According to Michael Mussa;
Economic growth has recently slowed across much of the world economy following stronger-than-expected performance during the first quarter of 2008. The net result is likely to be that on a year-over year basis, global real GDP growth for 2008 will be only slightly below the 3.8 percent forecast last April. For 2009, however, growth now looks likely to decelerate to slightly below 3.5 percent rather than accelerate to 4 percent.
Meanwhile, the broad upsurge in commodity prices of earlier this year has been largely if not completely reversed. In particular, the price for light sweet crude has fallen back from a peak of almost $150 per barrel to about $100 per barrel but is still above the $80 per barrel price of late 2007. Recent sharp declines in commodity prices will help to bring down headline inflation rates, at least for a while, although core inflation rates will likely remain uncomfortably high in a number of countries. In some emerging-market countries, where policies have remained lax, inflation will continue to be a critical problem.

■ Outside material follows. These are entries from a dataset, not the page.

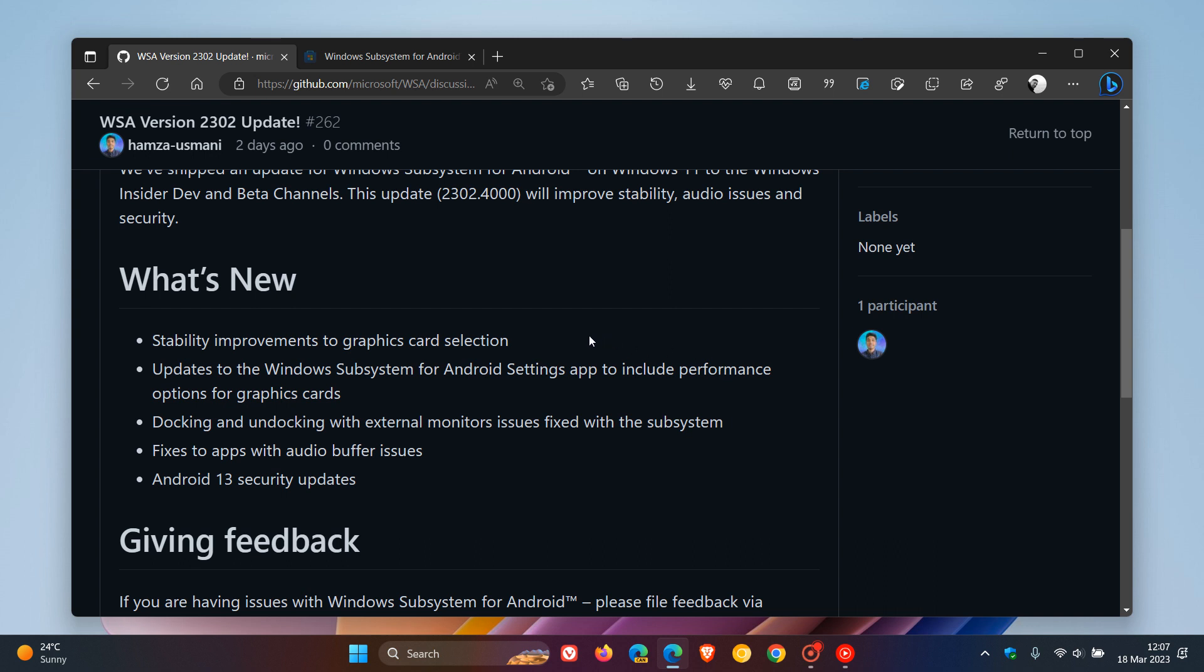There are stability improvements to graphics card selection. Updates to the WSA settings app now include performance options for graphics cards, which I think is a nice move. Docking and undocking with external monitors issues have been fixed with the subsystem.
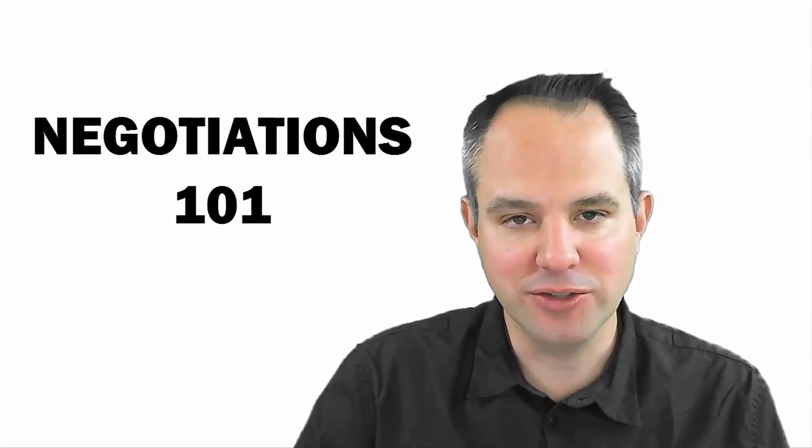To be an effective negotiator you have to focus more on the other party than on yourself. So happy that you're here. Today I want to talk all about the subject of negotiations.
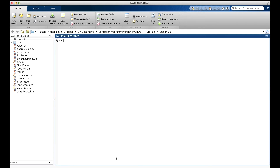I promised to tell you how to time a function. It's very easy with MATLAB. You time a function with the help of two other functions called tic and toc. The names are supposed to sound like a clock ticking. Tic and toc work more like a stopwatch than a clock. Tic starts the stopwatch, toc stops it.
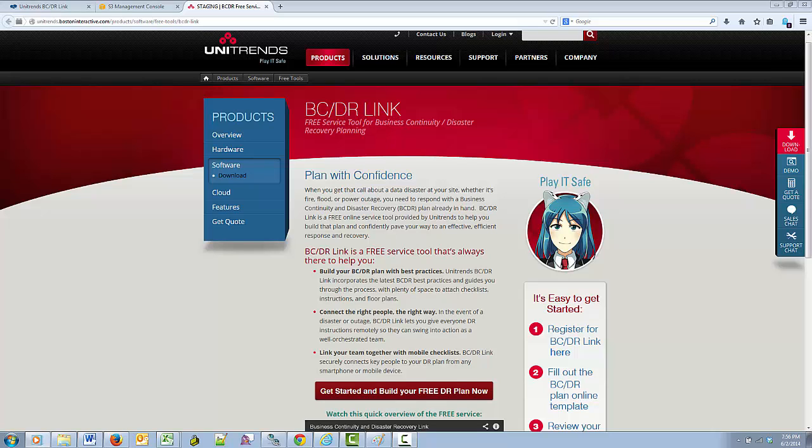Hi, my name is Anita DuBose and I developed the BCDRLink web service for Unitrends. Today I will be giving you a demo of the Unitrends BCDRLink web service. BCDR stands for Business Continuity and Disaster Recovery. BCDRLink is a free web service that allows you to modify an industry standard business continuity and disaster recovery template for your company or organization.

Thus, looking to the rest of 2008 and to 2009, the world economy will experience mild stagflation. World real GDP growth (on the basis of the International Monetary Fund’s World Economic Outlook [WEO]) will be significantly below the 4¾ percent average annual rate achieved from 2004 through 2007 but meaningfully above the 2½ percent rate that marks the borderline of global recession.1 World consumer price inflation (measured on a 12-month basis) will fall below the recent high of over 6 percent but remain above 4 percent through 2009. Economic policies, therefore, will generally face the dual challenges of ensuring that inflation returns to acceptable rates within reasonable time horizons and of guarding against unnecessarily deep and prolonged slowdowns in output growth.